**Task brief**
Go through the data below and copy it exactly, skipping every picture.

**Information provided**
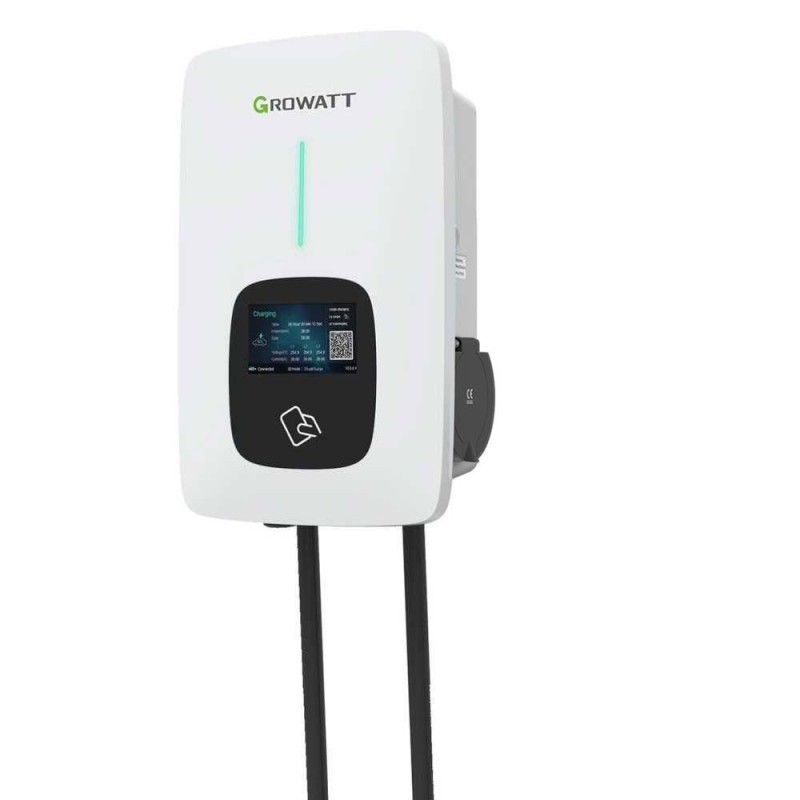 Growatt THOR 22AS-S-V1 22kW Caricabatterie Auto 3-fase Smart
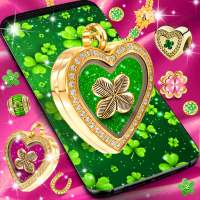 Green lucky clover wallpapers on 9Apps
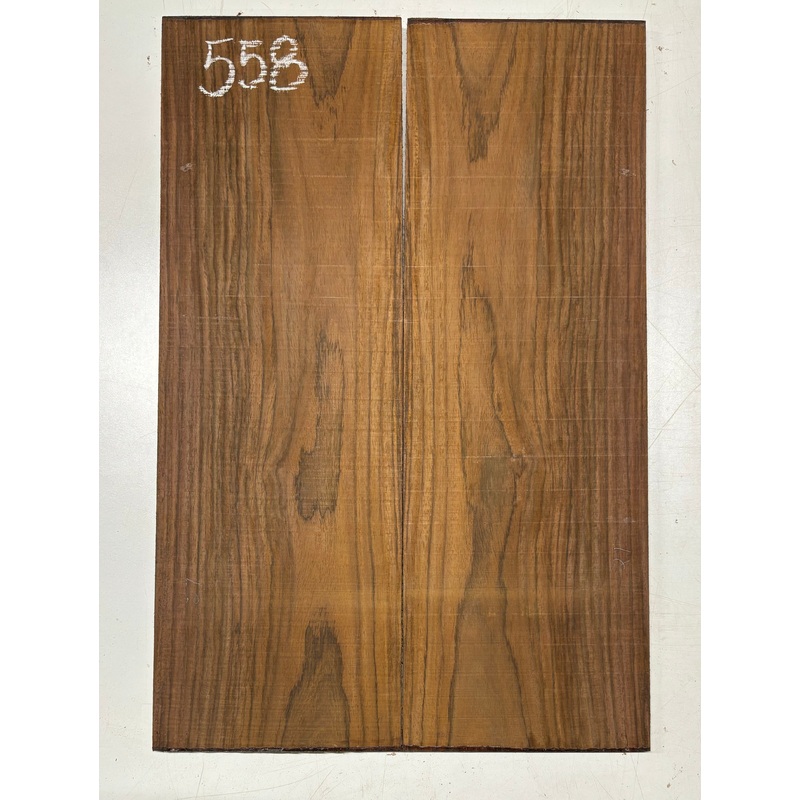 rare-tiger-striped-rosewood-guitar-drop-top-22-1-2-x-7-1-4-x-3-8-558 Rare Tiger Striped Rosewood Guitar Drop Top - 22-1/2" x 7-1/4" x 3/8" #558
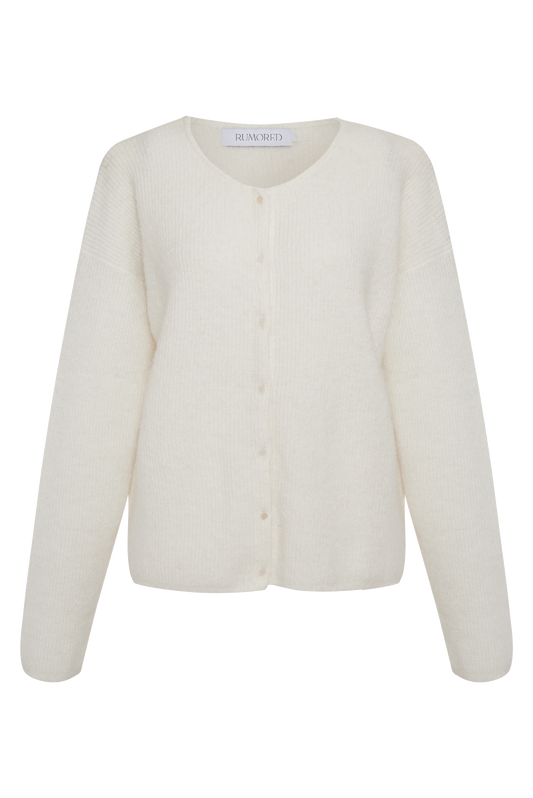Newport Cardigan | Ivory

**Solution to this problem**
 Growatt THOR 22AS-S-V1 22kW Caricabatterie Auto 3-fase Smart
 Green lucky clover wallpapers on 9Apps
 rare-tiger-striped-rosewood-guitar-drop-top-22-1-2-x-7-1-4-x-3-8-558 Rare Tiger Striped Rosewood Guitar Drop Top - 22-1/2" x 7-1/4" x 3/8" #558
Newport Cardigan | Ivory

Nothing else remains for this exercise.